SSL-Offloading/SSL-Termination
This technique involves terminating SSL connections at the load balancer instead of passing the encrypted traffic to the backend servers. The load balancer decrypts the SSL traffic and forwards the unencrypted traffic to the servers/backends, reducing the server’s processing overhead (CPU) and improving performance.
Example: An e-commerce website with heavy traffic uses SSL offloading to improve website performance. The load balancer terminates the SSL connection, decrypts the traffic, and then forwards the unencrypted traffic to the backend servers, reducing the processing overhead on the servers.
SSL-Passthrough
With SSL passthrough, the load balancer passes SSL traffic through to the backend servers without terminating or decrypting it.
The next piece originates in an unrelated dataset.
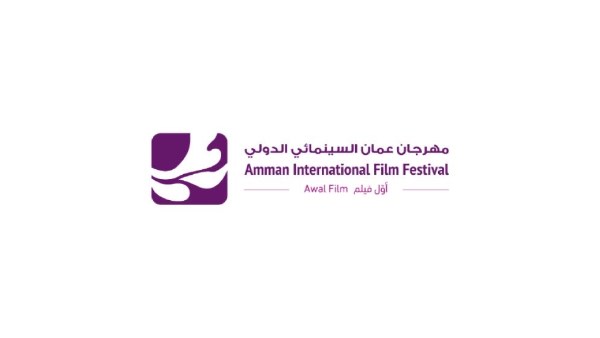 التفاصيل الكاملة لافتتاح مهرجان عمان السينمائي في نسخته السادسة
This approach is practical when the backend servers need to access SSL-specific information, such as client certificates, or the whole traffic should be encrypted from end-to-end.
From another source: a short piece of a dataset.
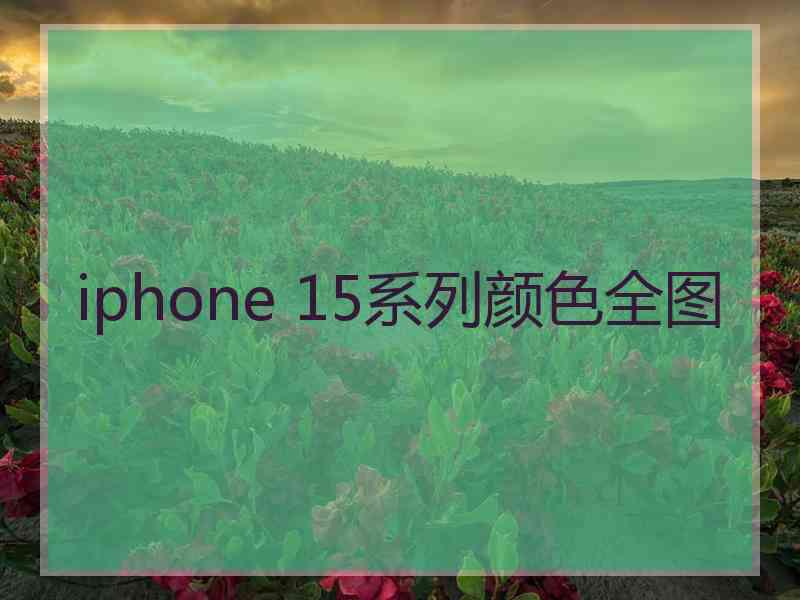 iphone 15系列颜色全图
Example: A video conferencing service uses SSL passthrough to enable end-to-end encryption. By passing SSL traffic through to the backend servers without decrypting it, the video conferencing service can ensure that all communications between clients remain private.
SSL-Bridging
In SSL bridging, the load balancer terminates the SSL connection from the client, decrypts the traffic, and then re-encrypts the traffic before sending it to the backend servers. It’s useful when you want to inspect the traffic, and you want to scan the traffic before it reaches your web server. You can also set exceptions for this decryption, e.g., for regulatory purposes.
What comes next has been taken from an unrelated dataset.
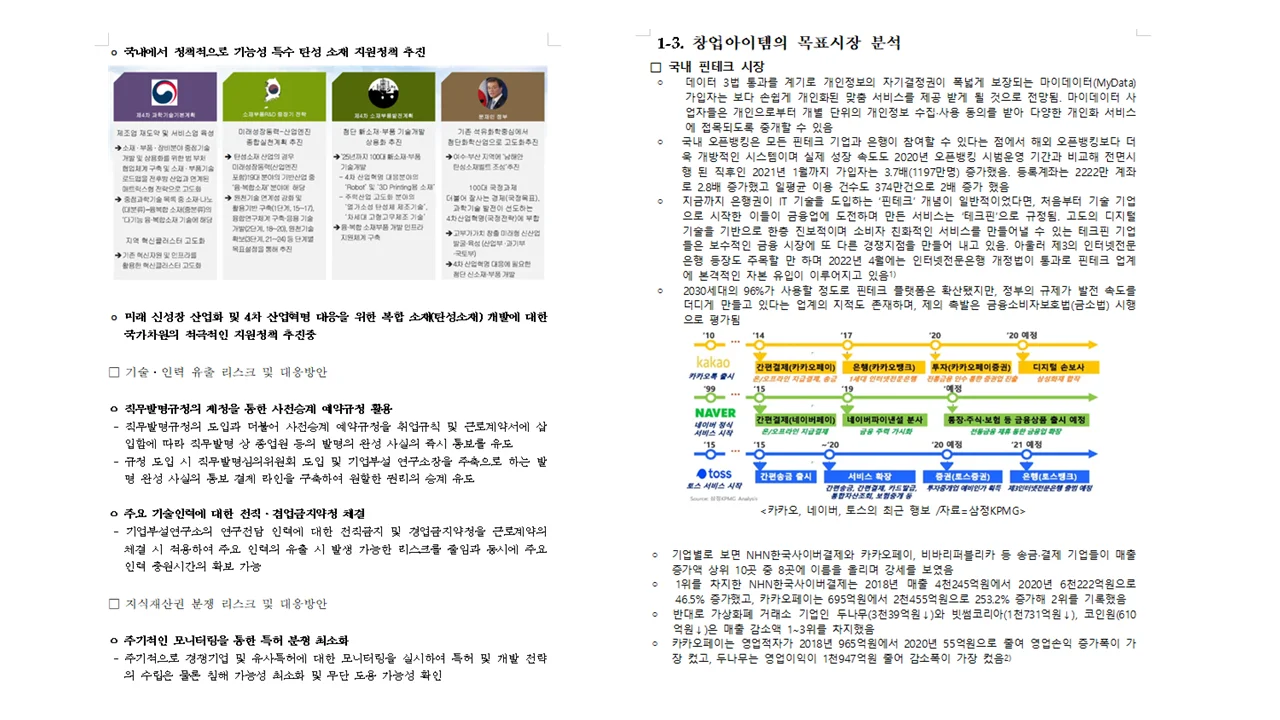 상세이미지-6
Example: A software development company uses SSL bridging to secure data transferred between its clients and servers. By decrypting SSL traffic at the load balancer, the company can monitor and analyze the data for potential security threats. The load balancer then re-encrypts the traffic before forwarding it to the backend servers for processing.
Conclusion
In conclusion, SSL offloading, SSL passthrough and SSL bridging are three techniques that load balancers use to manage SSL traffic. SSL offloading decrypts SSL traffic at the load balancer and forwards unencrypted traffic to the backend servers, which can improve performance and simplify server management. SSL passthrough forwards encrypted traffic directly to the backend servers, which can improve security and support end-to-end encryption. SSL bridging decrypts SSL traffic at the load balancer, allows for monitoring and analysis of traffic, and re-encrypts the traffic before forwarding it to the backend servers. Each technique has advantages and disadvantages, and the appropriate technique depends on your specific needs.